Burne-Jones also had important non-artistic links. One of his wife’s sisters was the mother of Rudyard Kipling. Another sister was the mother of Stanley Baldwin, a British prime minister. It is also worth remembering in addition that the Lushingtons, who kick-started Burne-Jones’ career, were Logical Positivists, which is to say, Victorian atheists.
The NPG exhibition makes no attempt to cover things of this sort. What the organisers are intent on trying to prove is that women played a significant role in the development of Pre-Raphaelite art. Various section of the show are labelled with the names of women – wives, mistresses, muses, fellow-practitioners of art – who have in their view been unjustly left out of the narrative. Where the last of these categories is concerned, that of fellow-practitioners, it fairly comprehensively fails. No female artist linked to the Pre-Raphaelite Movement achieved anything like the prominence enjoyed, in a different context earlier on, by the French painter Vigée-Lebrun. There is no woman artist linked to Pre-Raphaelitism who enjoyed the kind of central position in the movement that Berthe Morisot had among the Impressionists. There is undoubtedly no Pre-Raphaelite counterpart to the French painter Rosa Bonheur (1822-1899), now part-forgotten. But in the second half of the 19th century, Bonheur was probably the best known of all then living female artists.
Bonheur was famous in Britain during the Pre-Raphaelite heyday, thanks to the efforts of Ernest Gambart (1814-1902), the leading British dealer of the epoch. Gambart brought her to London in 1855, bought the reproduction rights to her work, and published engravings of it, made by Charles George Lewis (1808-1902), one of the leading British specialists in this kind of work.
It is incorrect to say that the women connected with Pre-Raphaelitism vanished from sight simply because of then-existing prejudice against women artists. A prejudice that we are only now in our twenty-first-century wisdom starting to reverse. The truth, for the most part, is that the female artists in the Pre-Raphaelite circle were neither sufficiently gifted at making art, nor committed enough in doing so, to overcome the difficulties presented to them by the society they lived in. What these female acolytes were, on the other hand, good at was being muses. Pre-Raphaelite art offered an intensely romantic view of women. It saw them as magical beings, much more so than had been the case in the past. Sometimes they were exploited in daily their daily lives by the men who made images of them. Yet at the same time, they were deified. That magic can still be found in the best Pre-Raphaelite paintings.
The one female artist included in the NG show who did make something resembling fully realised independent art was a practising spiritualist.
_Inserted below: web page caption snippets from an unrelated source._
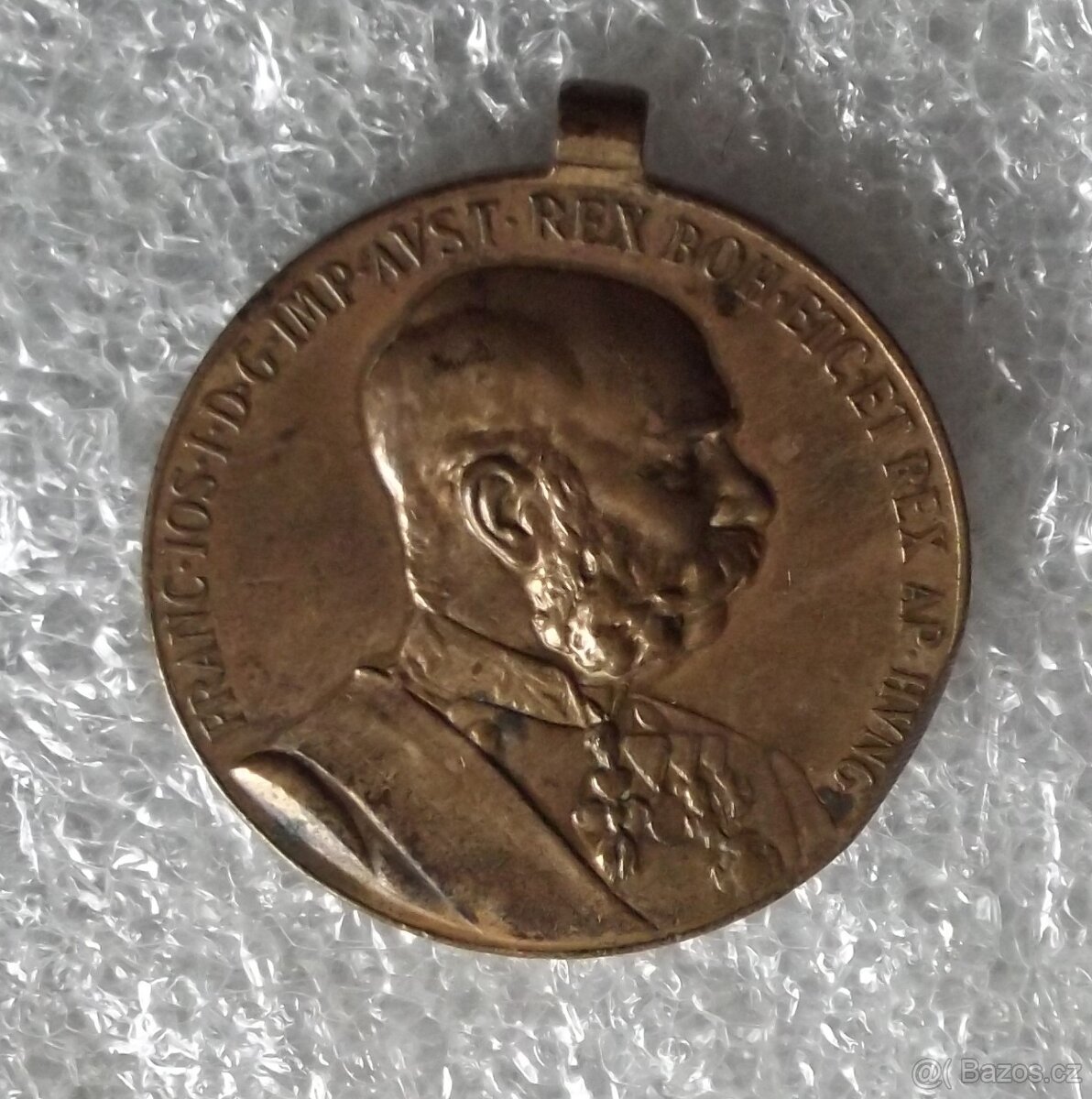 odznaky, medaile a vyznamenání - převážně armáda - 3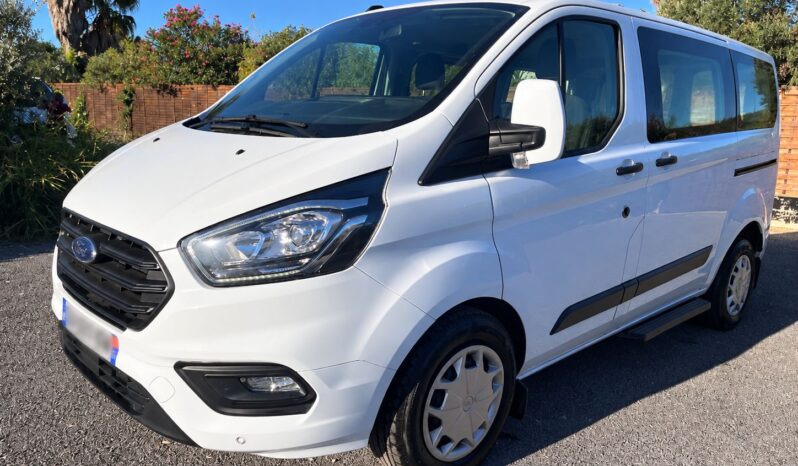 fourgon ford blanc au soleil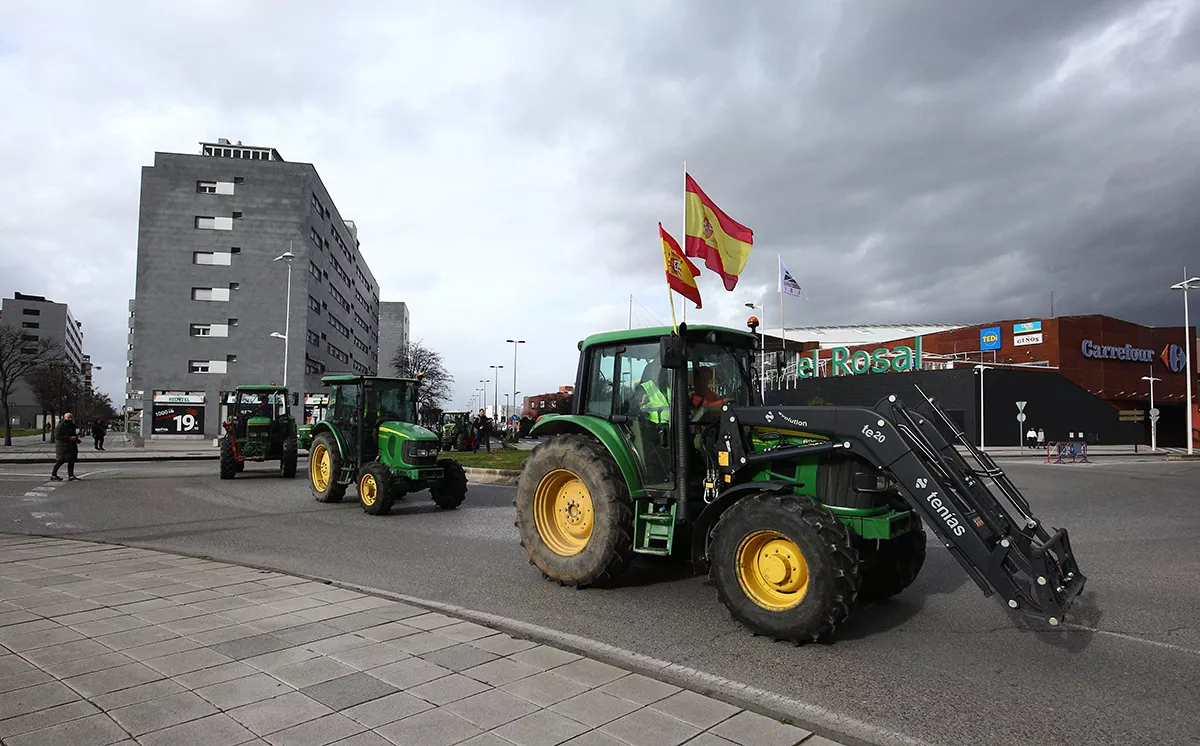 La tractorada entrando en Ponferrada (5)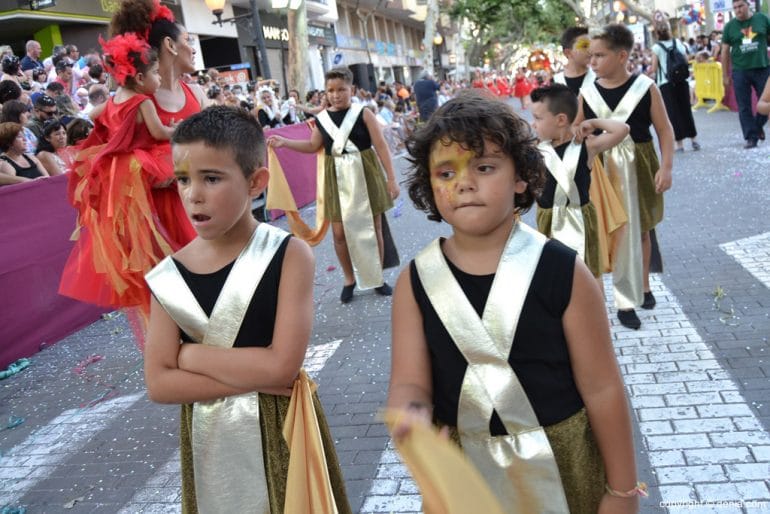 Carrozas Dénia 2017 - Comparsa de la falla Diana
The catalogue of the National Portrait Gallery doesn’t mention the fact that spiritualist beliefs had a role to play in the appearance on the scene of what we now call Modern Art. Another female artist to be influenced by spiritualism was the Swedish painter Hilma af Klint. Her work coincides in date with what de Morgan produced but is so radically different that the two women belong to totally different aesthetic worlds. De Morgan’s work seems stranded in the past. Af Klint was hastening towards the future.